Work instruction:
Restate word for word the lines that begin the listing and end with the line holding "LG 50MRGB88B9B Mini".

Records provided:
━━━━━━
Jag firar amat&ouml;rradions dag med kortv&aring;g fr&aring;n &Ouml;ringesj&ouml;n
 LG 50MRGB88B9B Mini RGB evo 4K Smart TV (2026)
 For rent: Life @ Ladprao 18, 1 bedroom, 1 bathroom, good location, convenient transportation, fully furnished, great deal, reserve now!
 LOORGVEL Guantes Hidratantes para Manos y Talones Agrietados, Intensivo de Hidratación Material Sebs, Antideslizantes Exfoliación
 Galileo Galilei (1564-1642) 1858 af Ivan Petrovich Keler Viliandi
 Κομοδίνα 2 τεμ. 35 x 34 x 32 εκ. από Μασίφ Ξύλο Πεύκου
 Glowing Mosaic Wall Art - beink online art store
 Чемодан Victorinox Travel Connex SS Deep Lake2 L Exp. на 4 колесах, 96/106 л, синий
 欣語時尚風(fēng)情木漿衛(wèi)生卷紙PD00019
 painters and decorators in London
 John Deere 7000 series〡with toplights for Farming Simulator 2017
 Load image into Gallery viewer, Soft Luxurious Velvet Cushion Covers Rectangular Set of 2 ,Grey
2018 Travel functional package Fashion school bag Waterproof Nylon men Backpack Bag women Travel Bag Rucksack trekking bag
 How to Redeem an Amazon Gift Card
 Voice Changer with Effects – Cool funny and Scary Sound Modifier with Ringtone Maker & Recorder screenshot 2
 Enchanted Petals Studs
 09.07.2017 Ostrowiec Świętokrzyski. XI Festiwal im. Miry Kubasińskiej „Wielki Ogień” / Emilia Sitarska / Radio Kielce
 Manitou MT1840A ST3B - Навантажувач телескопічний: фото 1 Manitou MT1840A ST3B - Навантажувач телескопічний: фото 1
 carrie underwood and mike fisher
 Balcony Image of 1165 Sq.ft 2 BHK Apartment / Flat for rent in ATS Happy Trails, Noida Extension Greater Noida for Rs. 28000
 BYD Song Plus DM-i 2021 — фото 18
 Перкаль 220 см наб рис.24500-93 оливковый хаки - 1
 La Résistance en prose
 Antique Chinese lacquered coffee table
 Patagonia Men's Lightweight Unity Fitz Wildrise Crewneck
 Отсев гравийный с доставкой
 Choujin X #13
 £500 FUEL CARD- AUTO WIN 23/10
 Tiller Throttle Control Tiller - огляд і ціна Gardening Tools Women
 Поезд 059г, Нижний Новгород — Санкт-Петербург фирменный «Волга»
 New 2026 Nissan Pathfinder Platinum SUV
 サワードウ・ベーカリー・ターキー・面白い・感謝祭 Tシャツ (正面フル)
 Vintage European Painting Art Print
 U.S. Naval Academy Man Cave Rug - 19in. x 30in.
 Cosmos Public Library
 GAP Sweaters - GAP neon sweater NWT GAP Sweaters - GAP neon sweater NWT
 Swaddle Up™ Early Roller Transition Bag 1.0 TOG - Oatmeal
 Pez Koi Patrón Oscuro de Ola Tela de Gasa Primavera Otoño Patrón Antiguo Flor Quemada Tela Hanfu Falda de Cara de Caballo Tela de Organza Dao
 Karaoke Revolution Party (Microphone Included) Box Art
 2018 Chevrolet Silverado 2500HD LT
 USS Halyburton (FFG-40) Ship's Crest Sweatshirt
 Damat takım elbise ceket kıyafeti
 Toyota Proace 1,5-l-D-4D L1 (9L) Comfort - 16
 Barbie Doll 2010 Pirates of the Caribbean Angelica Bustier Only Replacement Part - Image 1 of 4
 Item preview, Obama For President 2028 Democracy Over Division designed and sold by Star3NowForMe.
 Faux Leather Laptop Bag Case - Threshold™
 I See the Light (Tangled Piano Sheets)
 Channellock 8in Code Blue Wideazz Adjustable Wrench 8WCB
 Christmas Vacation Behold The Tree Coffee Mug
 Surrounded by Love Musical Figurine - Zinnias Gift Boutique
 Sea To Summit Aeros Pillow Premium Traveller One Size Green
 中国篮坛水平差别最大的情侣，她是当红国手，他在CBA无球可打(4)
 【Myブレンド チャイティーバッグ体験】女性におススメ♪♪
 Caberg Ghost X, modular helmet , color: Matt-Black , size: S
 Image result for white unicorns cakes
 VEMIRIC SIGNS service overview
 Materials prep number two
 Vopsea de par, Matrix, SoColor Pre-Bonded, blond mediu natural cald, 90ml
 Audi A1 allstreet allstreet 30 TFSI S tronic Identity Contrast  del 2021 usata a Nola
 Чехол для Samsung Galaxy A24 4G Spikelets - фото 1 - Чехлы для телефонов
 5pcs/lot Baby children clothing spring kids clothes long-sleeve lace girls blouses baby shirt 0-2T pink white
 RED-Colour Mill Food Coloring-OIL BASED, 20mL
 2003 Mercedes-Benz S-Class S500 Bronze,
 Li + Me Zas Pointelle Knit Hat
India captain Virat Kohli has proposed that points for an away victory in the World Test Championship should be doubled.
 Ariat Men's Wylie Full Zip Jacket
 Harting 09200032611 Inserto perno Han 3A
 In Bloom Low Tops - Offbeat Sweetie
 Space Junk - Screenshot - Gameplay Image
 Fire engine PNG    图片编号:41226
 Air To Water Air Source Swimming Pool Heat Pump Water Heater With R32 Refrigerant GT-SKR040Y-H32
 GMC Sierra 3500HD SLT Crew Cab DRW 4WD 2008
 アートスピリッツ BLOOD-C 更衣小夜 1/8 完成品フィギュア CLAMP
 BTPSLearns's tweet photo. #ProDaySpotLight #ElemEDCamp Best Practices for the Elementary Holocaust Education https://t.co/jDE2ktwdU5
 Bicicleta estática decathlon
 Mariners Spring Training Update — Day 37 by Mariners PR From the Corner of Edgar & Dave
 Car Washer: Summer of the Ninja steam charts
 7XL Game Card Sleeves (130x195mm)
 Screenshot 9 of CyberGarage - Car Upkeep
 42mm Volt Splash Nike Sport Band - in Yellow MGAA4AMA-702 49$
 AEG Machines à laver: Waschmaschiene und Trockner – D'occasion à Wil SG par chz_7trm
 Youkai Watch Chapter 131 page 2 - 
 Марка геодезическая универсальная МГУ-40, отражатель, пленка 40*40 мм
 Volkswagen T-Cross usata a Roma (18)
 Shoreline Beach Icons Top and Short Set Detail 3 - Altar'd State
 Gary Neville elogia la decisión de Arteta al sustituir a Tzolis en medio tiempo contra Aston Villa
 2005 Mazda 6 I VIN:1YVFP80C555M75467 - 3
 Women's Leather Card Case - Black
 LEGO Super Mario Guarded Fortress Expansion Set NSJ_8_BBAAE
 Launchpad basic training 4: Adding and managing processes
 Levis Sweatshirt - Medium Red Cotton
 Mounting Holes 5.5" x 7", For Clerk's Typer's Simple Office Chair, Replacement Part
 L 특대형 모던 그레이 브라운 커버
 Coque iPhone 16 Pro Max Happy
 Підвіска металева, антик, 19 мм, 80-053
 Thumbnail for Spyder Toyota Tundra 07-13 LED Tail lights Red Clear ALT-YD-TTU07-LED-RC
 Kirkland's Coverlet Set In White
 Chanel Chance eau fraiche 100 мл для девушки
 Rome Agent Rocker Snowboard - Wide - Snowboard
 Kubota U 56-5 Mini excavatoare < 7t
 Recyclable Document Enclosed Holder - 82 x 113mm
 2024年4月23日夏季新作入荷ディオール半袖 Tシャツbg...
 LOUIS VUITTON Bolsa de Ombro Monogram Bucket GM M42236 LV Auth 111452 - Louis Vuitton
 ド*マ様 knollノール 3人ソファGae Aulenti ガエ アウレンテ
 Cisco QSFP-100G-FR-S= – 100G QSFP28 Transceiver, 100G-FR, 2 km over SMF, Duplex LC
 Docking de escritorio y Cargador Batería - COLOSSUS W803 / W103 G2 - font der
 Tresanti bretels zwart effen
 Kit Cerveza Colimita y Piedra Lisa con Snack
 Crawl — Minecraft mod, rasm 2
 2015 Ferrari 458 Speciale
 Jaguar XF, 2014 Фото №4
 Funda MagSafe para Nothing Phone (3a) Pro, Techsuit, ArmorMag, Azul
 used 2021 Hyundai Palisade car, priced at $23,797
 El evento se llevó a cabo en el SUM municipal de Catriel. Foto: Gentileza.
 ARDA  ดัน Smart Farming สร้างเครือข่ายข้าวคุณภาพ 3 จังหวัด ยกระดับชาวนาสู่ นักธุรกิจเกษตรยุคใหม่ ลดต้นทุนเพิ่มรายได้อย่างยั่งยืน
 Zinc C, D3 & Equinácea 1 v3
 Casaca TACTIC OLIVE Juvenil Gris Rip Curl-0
━━━━━━
Expected answer:
Jag firar amat&ouml;rradions dag med kortv&aring;g fr&aring;n &Ouml;ringesj&ouml;n
 LG 50MRGB88B9B Mini RGB evo 4K Smart TV (2026)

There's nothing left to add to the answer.